Sonntag, 20.01.2019 / 16:41 Uhr

Über Meinungsfreiheit

Von
Amed Sherwan

Meinungsfreiheit ist mein Fluchtgrund! Ich bin nach Deutschland geflüchtet, weil meine Meinungsäußerungen mich in meiner alten Heimat in Lebensgefahr gebracht haben.

In Deutschland hat es lange gedauert, bis ich sprachlich überhaupt in der Lage war, meine Meinung verständlich rüberzubringen. Und seitdem ich sie offen ausspreche, erlebe ich, dass ich auch hier mit negativen Konsequenzen rechnen muss, wenn ich unpopuläre Standpunkte einnehme.

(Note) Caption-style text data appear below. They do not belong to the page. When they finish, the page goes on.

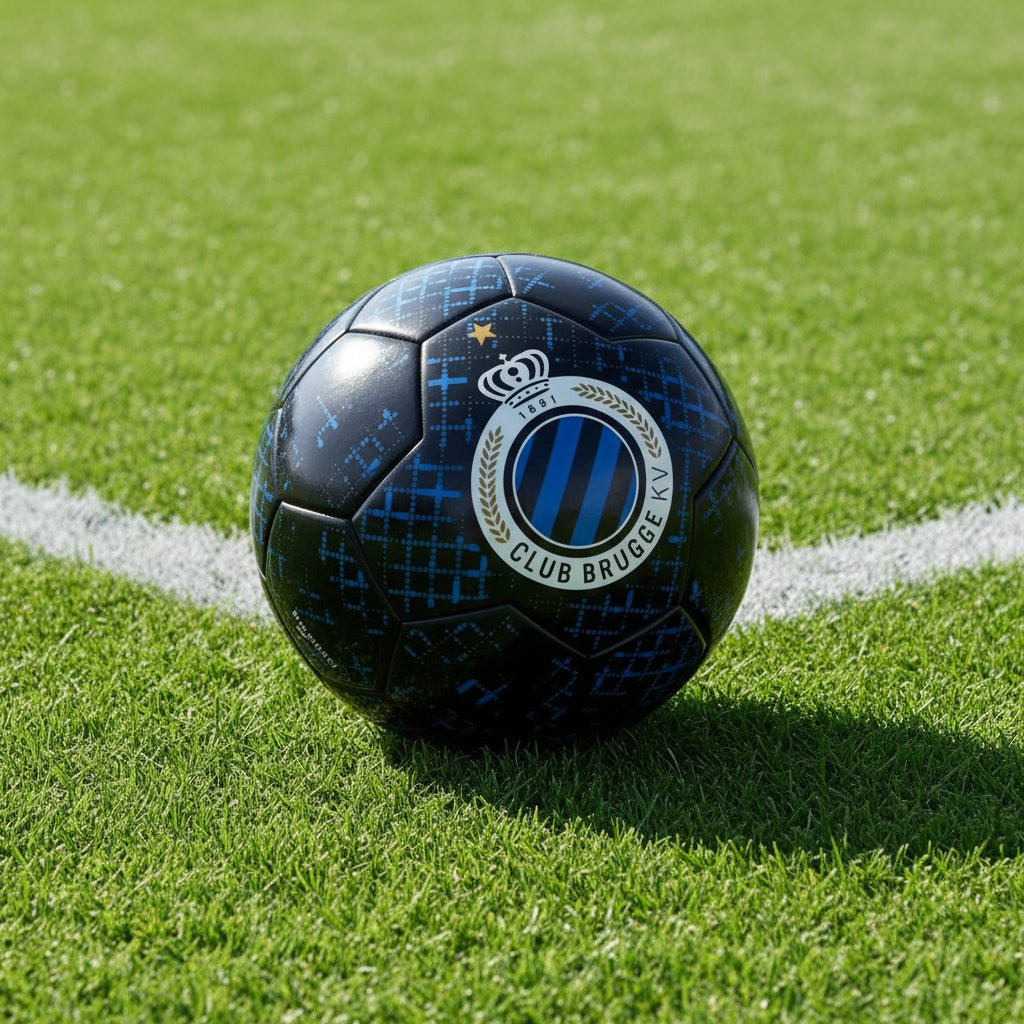 Voetbal Zwart Size 3 - Club Brugge Shop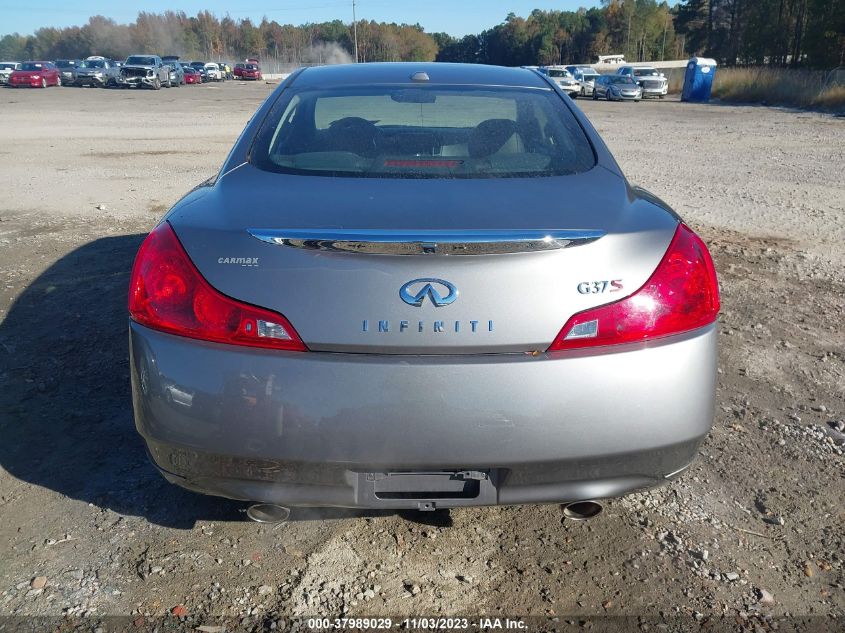 2009 Infiniti G37 Journey VIN: JNKCV64E19M601963 Lot: 37989029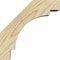 Ekena Millwork 4"W x 8"D x 8"H Merced Rough Sawn Knee Brace, Douglas Fir BRC04X08X08MRC00RDF - alternate 4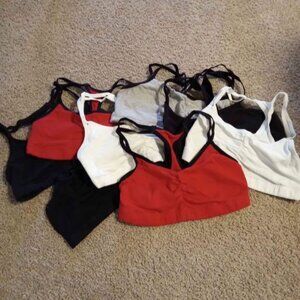 Fruit of The Loom Woman's Spaghetti Strap- Sports Bra-Size 36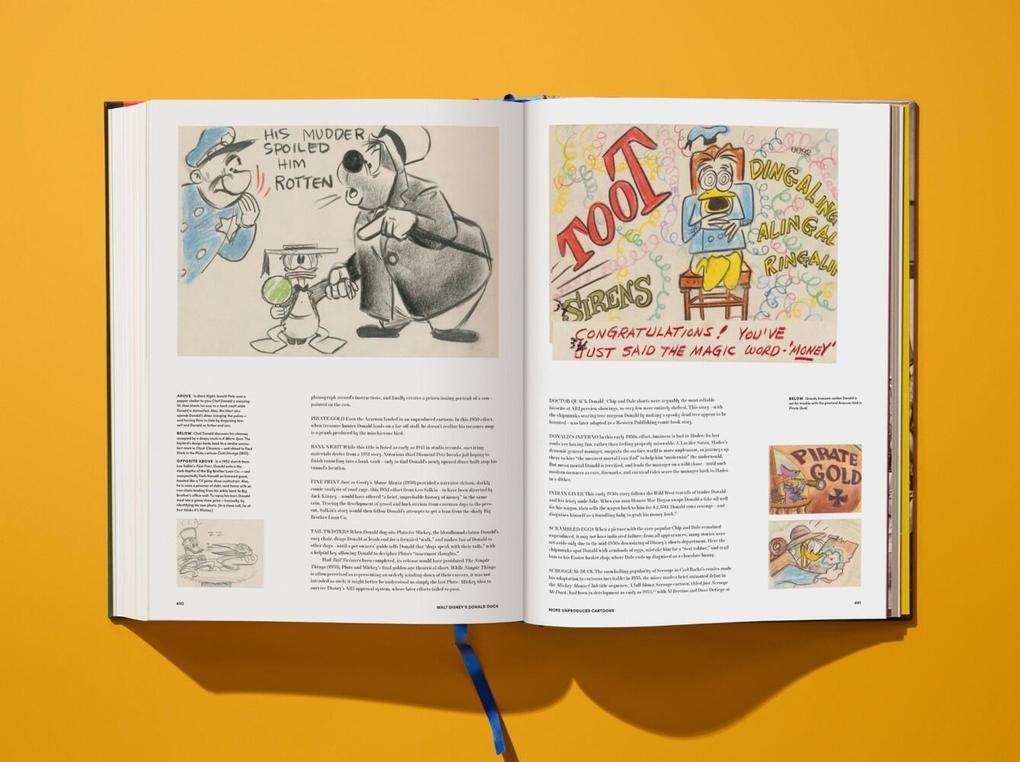 Weitere Ansicht: Walt Disneys Donald Duck | David Gerstein, J. B. Kaufman
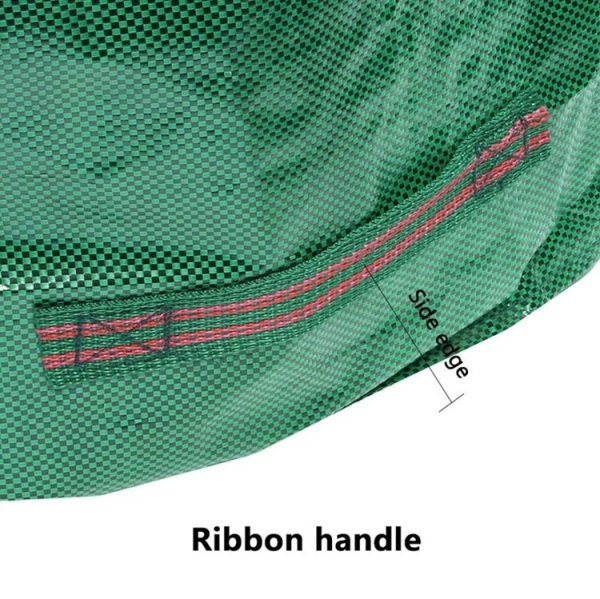 32 Gallons 120L PP Garden Fallen Leaves Bags Green Waste Bags, Size: 45cm x 76cm - Image 7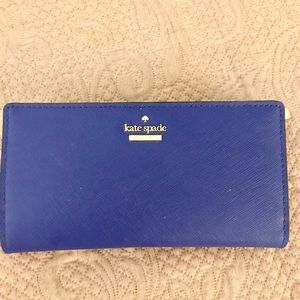 Kate Spade Purple Wallet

Ich erlebe aber gleichzeitig, dass der Staat meine Meinungsfreiheit im Rahmen seiner Möglichkeiten schützt. Bei der Aktion „Allah is Gay“ auf dem CSD in Berlin habe ich Personenschutz bekommen, im Irak wäre ich für so eine Aktion von der Polizei ermordet worden.

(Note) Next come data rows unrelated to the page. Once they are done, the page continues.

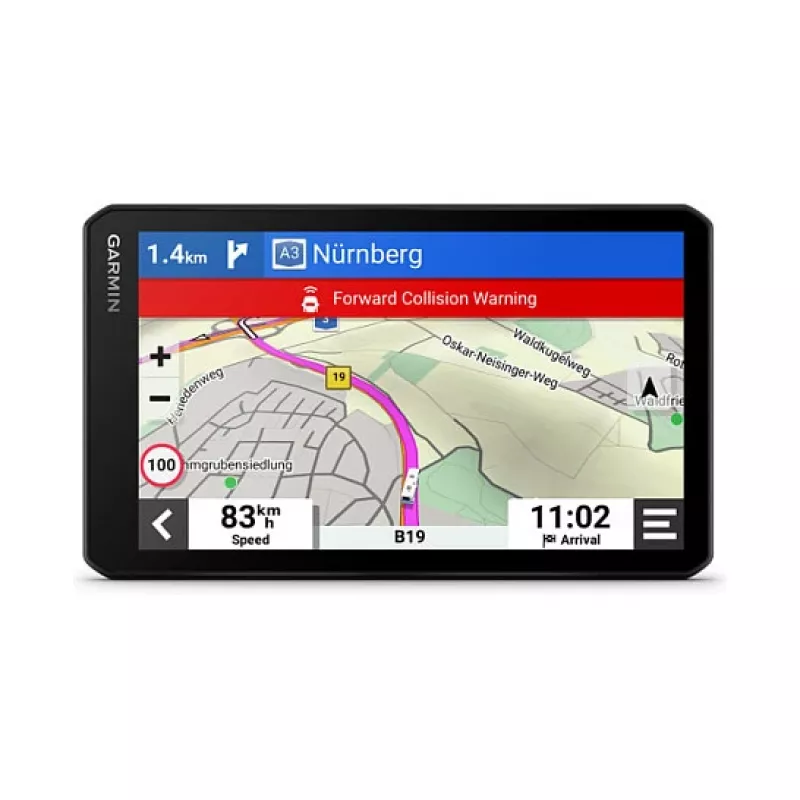 Garmin CamperCam 795 navigatorius Stacionarus 17,8 cm 7 colių TFT jutiklinis ekranas 32 GB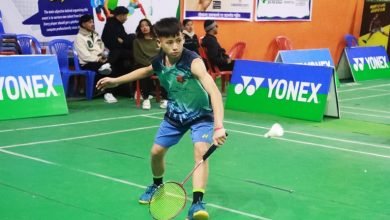 Photo of सव जुनियर च्यालेन्ज कप ब्याडमिन्टन : रिजन र सत्यम अन्तिम आठमा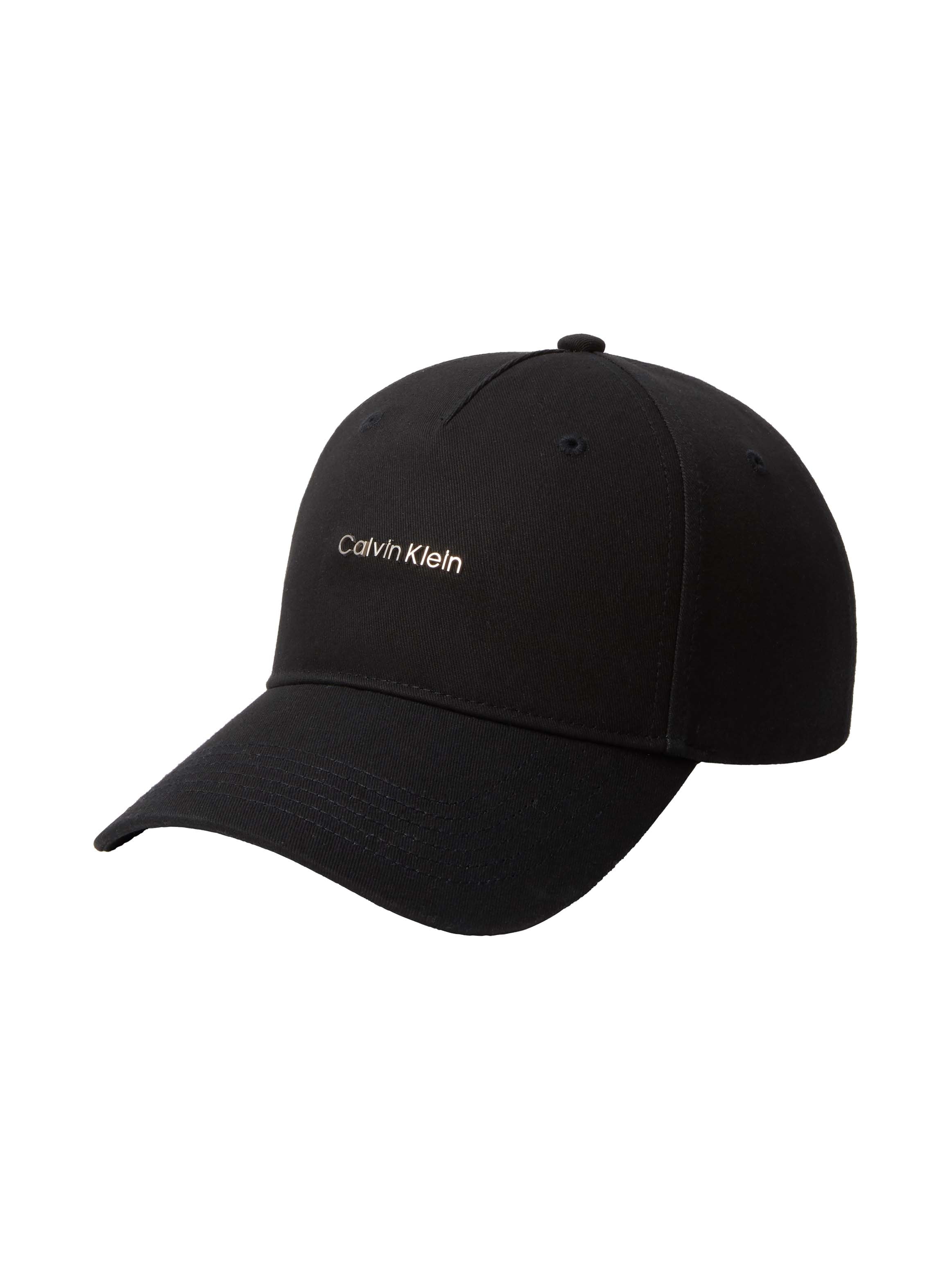 Image of Calvin Klein Jeans Baseball Cap "COTTON TWILL W/ HW CAP" Grössenverstellbar mit festem Schirm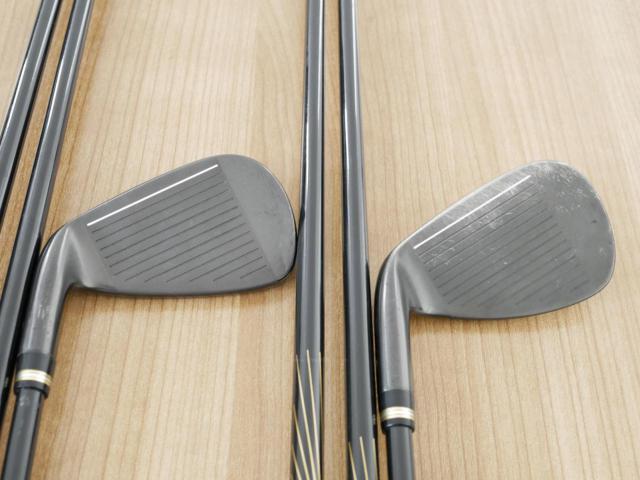 Iron set : Honma : ชุดเหล็ก Honma Beres Black Forged (ออกปี 2022 สวยมากๆ) มีเหล็ก 6-11 (6 ชิ้น เทียบเท่า 5-Pw) ก้าน ARMRQ MX Flex R2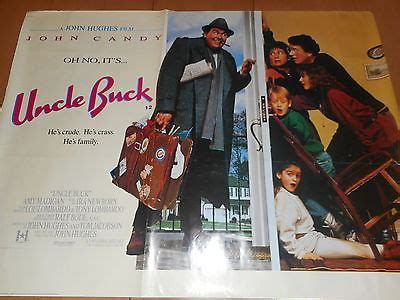 uncle buck poster | #745198601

Leute, die in Deutschland aufgewachsen sind, können vermutlich gar nicht wertschätzen, wie viel Meinungsfreiheit wir hier haben und welch ein hohes Gut das ist.

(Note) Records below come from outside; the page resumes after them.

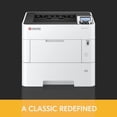 thumbnail image 2 of KYOCERA ECOSYS PA6000x Impresora láser monocromática, 62 ppm, 600 x 600 ppp y hasta 1200 ppp, bandeja de 600 hojas, MPT de 100 hojas, dúplex, LCD de 5 líneas con panel de llave dura, Gigabit Ethernet,, 2 of 5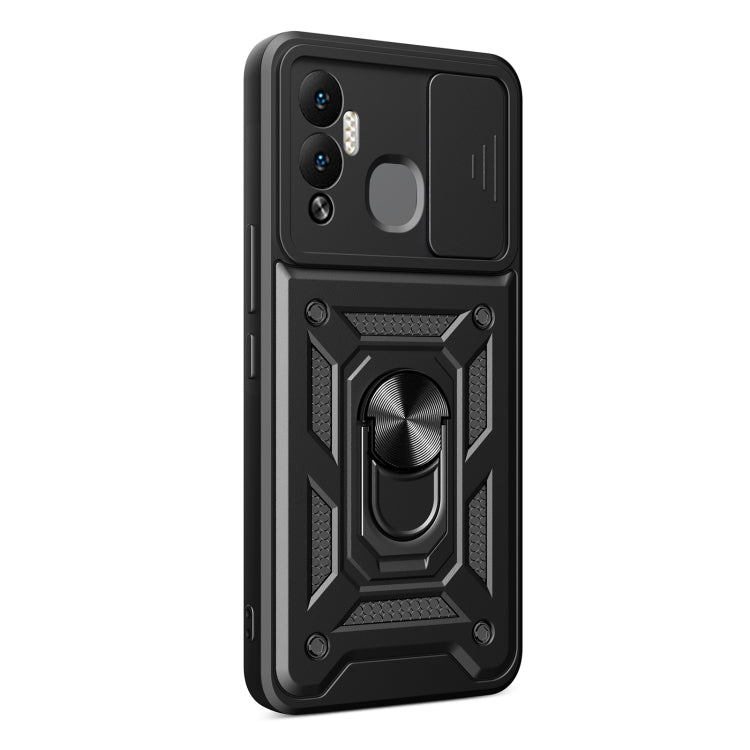 For Infinix Hot 12 Play Sliding Camera Cover Design Phone Case
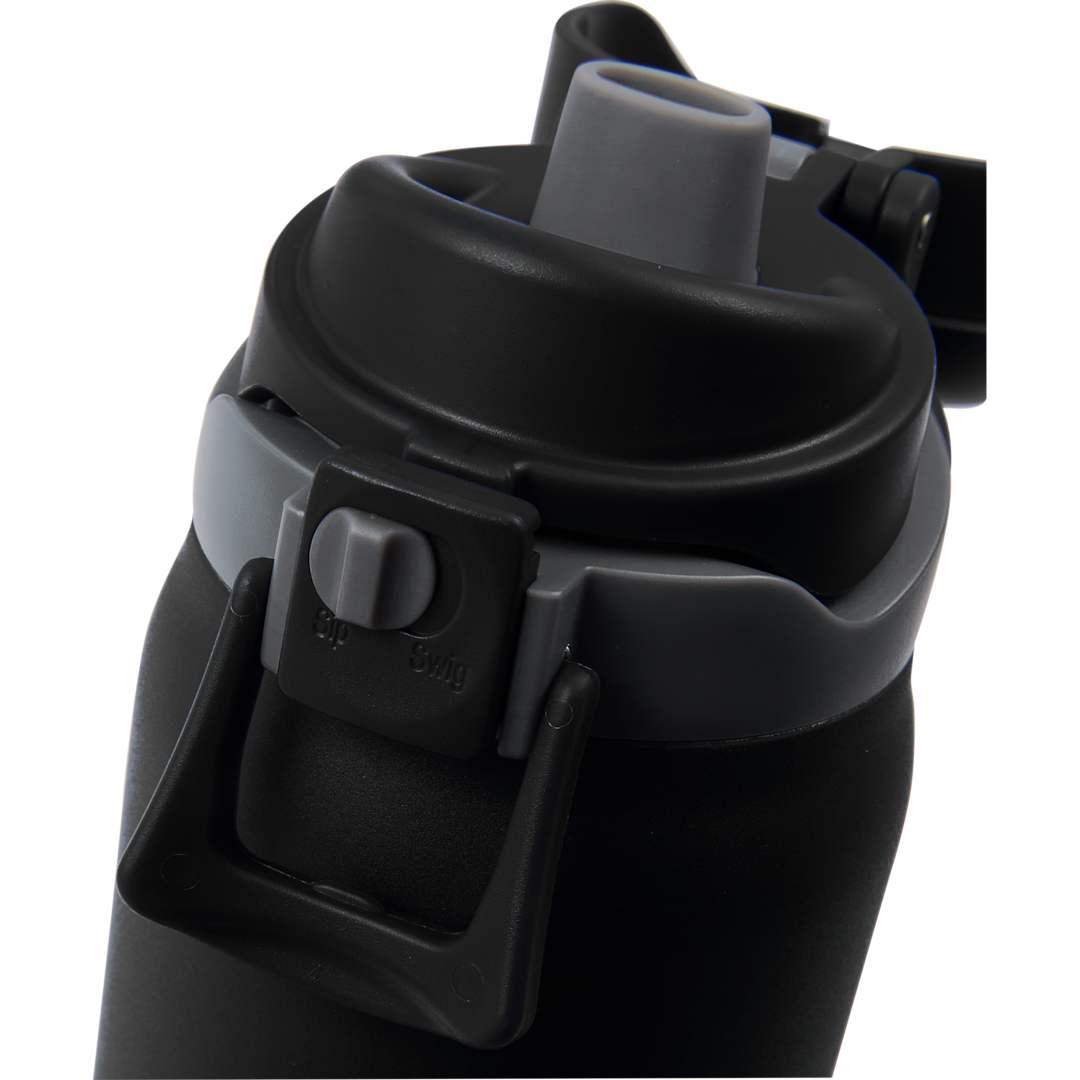 Rhine 2 in 1 vacuum insulated bottle 30oz Black miniatura 17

Das bedeutet natürlich nicht, dass ich überall vor Angriffen sicher bin. So ist es zum Beispiel vor kurzem Rechtsextremen gelungen, mein Facebook-Profil für längere Zeit sperren zu lassen. Und ich habe immer wieder Angst, dass ein extremer Islamist, seine Drohungen gegen mich wahr macht.

Meinungsfreiheit bedeutet nicht, dass ich überall alles sagen kann. Meinungsfreiheit schützt nicht vor Gegenmeinungen. Und Meinungsfreiheit schützt nicht vor durchgeknallten Extremisten. Ich muss immer abwägen, wie viel es mir wert ist, meine Position öffentlich zu vertreten.

Der deutsche Handballspieler Kretzschmar hat in einem Interview kritisiert, dass Profisportlerinnen und -sportler in Deutschland keine Meinungsfreiheit im eigentlichen Sinne hätten. Sie kämen zwar nicht in den Knast, müssten aber mit Repressalien von ihren Arbeitgebern oder Werbepartnern rechnen.

Ich verstehe das Problem. Es ist schlimm, wenn Konzerne einem die Meinung diktieren. Aber muss man dann für diese arbeiten? Ist es Unfreiheit oder eher eine Abwägung, wie weit man sich verbiegen will.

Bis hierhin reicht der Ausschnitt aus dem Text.